Neue Allianzen in der Zivilgesellschaft nötig - auch gegen die AfD

Die neuen Auseinandersetzungen müssten mit neuen Mitteln und vor allem in den Institutionen geführt werden, heißt es weiter, „denn hier verfolgt die AfD das Ziel einer schleichenden Normalisierung und Anschlussfähigkeit ihrer menschenverachtenden Positionen“.

Man danke allen Mitstreitern und wünsche sich, dass die Auflösung auch dazu führt, dass neue zivilgesellschaftliche Allianzen entstehen, sagt Luise Meyer: „Viele von uns engagieren sich längst in entsprechenden Vereinen, Wohnprojekten und so weiter.“ In der Pressemitteilung sind einige davon aufgezählt: Cottbuser Aufbruch, Geflüchteten Netzwerk, FluMiCo -Flucht- und Migration Cottbus...

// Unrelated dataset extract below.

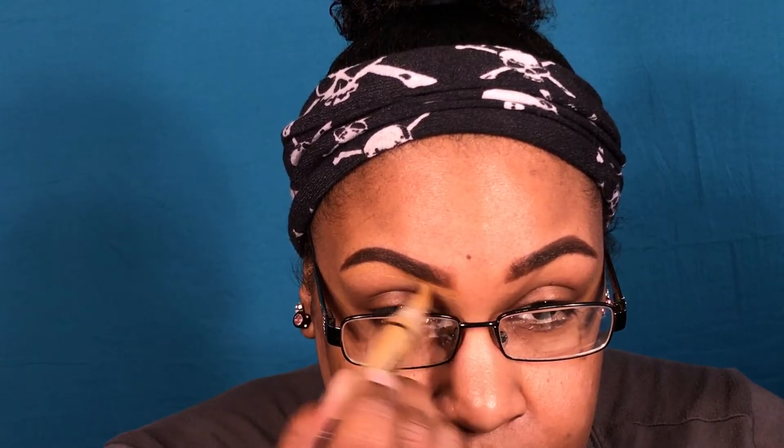So once you feel like the brow area is full enough, I take my concealer — the Pro Conceal in Fawn, which I really like — and I go right up under the brow to clean it up. It doesn't have to be perfect. I'm pretty good with this little applicator tip, but sometimes you need to use a little brush to get up under there too.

Joschka Fröschner vom Verein Opferperspektive hält jedenfalls  die  jubelnden und hämischen Kommentare einiger Rechter für geradezu paradox. „Die Auflösung von Cottbus Nazifrei bedeutet eben nicht das Wegbrechen der Zivilgesellschaft. Das Gegenteil ist der Fall: In der Stadt gibt es inzwischen viele demokratische Strukturen, Initiativen und Projekte. Deshalb versuchen ja die Rechten mit Zukunft-Heimat-Chef Hans-Christoph Berndt seit Jahren, hier Fuß zu fassen.“

Dass ihnen das gelingt, sei fraglich, sagt Fröschner. Dennoch gebe es derzeit noch genug Ressentiments und auch offene rassistische Gewalt in der Stadt. Deshalb werde die in Potsdam beheimatete Opferperspektive demnächst auch ein Büro in Cottbus eröffnen.